More than that, from what the detectives had learned so far, Tarricone was an excellent father, one who kept in touch with his children and grandchildren. And he was the son of aged parents who depended on him, lived for his phone calls, and looked forward to his visits to New York every year.

It would have been totally against his grain to disappear into the moonless night, leaving behind his obligations and those who loved him, no matter how besotted he’d been with the mysterious Renee Curtiss.

Over the last part of 2007, the Pierce County detectives were almost positive that he was the homicide victim. However, they had to wait for the FBI lab tests to come back.

And the more they investigated Renee, the more suspects they uncovered.

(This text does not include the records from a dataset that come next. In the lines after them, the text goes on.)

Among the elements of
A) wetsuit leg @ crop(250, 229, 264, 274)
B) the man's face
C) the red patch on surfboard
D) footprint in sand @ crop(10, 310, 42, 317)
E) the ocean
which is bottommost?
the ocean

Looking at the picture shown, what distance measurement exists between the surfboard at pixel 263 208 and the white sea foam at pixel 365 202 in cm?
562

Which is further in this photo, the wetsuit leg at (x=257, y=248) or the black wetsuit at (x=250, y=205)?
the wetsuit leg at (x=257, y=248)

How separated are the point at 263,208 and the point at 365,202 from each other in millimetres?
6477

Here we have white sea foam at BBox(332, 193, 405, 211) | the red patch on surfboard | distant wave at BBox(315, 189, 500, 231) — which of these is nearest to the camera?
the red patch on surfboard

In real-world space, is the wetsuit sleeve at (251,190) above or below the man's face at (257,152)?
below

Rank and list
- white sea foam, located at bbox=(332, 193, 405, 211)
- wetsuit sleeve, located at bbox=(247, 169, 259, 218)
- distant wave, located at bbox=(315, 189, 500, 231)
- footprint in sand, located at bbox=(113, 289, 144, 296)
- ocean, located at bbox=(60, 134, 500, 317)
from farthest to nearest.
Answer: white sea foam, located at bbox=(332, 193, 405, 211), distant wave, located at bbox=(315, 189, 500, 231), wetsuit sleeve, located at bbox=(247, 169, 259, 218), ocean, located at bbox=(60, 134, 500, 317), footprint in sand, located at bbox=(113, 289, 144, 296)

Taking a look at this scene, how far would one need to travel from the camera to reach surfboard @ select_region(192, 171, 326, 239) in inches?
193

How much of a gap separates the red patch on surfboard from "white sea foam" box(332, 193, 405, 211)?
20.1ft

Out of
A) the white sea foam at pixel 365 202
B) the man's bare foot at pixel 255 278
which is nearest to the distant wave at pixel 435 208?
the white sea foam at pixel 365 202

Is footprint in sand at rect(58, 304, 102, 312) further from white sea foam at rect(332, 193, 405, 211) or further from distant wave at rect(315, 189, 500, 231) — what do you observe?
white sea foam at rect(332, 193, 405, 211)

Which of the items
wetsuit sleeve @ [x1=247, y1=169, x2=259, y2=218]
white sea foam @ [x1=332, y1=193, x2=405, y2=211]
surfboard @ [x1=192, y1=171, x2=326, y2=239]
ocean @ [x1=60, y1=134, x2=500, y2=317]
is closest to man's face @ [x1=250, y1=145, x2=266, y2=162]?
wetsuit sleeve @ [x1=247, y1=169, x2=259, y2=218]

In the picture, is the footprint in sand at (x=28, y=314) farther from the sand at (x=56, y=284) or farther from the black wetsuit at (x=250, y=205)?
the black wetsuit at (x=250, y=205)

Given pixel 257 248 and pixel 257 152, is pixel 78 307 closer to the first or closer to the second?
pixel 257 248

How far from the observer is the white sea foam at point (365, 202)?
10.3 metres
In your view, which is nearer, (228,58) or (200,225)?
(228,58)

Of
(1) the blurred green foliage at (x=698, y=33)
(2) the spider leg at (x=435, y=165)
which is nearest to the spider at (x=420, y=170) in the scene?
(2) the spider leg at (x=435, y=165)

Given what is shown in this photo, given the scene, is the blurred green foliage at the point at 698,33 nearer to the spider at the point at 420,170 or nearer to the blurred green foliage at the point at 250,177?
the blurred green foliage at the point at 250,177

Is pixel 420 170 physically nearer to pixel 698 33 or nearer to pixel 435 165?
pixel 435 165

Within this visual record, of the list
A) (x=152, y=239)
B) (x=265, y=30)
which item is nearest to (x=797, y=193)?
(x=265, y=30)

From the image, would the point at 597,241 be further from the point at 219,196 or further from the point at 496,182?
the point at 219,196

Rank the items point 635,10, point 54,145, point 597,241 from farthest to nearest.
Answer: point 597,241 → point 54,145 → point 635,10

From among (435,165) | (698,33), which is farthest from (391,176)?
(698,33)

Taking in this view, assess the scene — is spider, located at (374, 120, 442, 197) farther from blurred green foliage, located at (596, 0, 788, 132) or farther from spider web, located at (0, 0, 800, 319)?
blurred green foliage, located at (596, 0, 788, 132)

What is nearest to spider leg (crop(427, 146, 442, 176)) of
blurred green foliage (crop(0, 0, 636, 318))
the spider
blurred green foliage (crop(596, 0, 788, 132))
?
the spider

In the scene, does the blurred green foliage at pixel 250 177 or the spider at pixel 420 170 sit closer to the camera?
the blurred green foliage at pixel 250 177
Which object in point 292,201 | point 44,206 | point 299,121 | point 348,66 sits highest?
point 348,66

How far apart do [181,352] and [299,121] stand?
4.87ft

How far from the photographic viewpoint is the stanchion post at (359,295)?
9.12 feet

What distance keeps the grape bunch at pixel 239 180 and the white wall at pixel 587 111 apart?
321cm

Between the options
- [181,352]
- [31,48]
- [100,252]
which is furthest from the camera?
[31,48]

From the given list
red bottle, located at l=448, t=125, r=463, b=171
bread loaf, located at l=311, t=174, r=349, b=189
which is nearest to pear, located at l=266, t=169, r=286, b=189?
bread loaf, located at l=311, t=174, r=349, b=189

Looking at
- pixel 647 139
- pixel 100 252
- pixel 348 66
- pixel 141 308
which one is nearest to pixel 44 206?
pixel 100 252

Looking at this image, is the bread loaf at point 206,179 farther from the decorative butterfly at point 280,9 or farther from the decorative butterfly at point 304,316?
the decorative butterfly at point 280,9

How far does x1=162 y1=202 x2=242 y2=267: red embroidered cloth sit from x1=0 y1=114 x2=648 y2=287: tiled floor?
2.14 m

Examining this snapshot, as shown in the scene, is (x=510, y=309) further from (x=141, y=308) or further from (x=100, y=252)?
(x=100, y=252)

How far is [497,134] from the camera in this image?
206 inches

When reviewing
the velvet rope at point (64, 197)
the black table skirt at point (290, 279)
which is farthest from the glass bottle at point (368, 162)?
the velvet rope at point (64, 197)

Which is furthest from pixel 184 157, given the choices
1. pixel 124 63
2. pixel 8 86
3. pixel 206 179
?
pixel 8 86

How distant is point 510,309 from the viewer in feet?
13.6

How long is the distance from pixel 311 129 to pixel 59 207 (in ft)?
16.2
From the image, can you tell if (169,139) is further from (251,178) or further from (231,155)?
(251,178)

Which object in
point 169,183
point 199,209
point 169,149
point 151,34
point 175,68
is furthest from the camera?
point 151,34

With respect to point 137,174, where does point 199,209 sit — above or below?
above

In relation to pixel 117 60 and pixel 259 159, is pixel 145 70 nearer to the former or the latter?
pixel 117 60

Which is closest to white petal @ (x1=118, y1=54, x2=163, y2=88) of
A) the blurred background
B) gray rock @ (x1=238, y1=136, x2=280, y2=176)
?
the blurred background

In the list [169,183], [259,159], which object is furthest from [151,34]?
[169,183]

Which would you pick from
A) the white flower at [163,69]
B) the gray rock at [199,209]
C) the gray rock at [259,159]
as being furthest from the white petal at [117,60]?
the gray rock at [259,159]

By that time, they had learned a great deal more about the violent background of Nick Notaro, Renee and Cassie’s adopted brother.

Chapter Ten
 

Nick Notaro
, who was thirty at the time, had had a remarkably busy week in late September 1978. If he had been all the places people said he had, his activities between September 18 and September 23 would have required a superman. Nick was a huge man, well over six feet, and closer to three hundred pounds than two hundred. The old records from Alaska showed that he entered the Fairbanks Memorial Hospital on Monday—the eighteenth—to have his festering appendix removed. Dr. J. K. Johnson was the surgeon who operated, and Nick recovered without incident. He was released earlier than the hospital advised, on Thursday, the twenty-first.

And Nick was also one of the family members who witnesses remembered being at the birthday barbecue Renee threw on Saturday, September 23.

Ben Benson traveled far in his search for Joe Tarricone’s last moments: New Mexico, Maryland, Oregon, and now—Alaska. The Alaska State Police in Anchorage had
assured him on the phone that their old records on Nick Notaro still existed, and they believed there was physical evidence, too.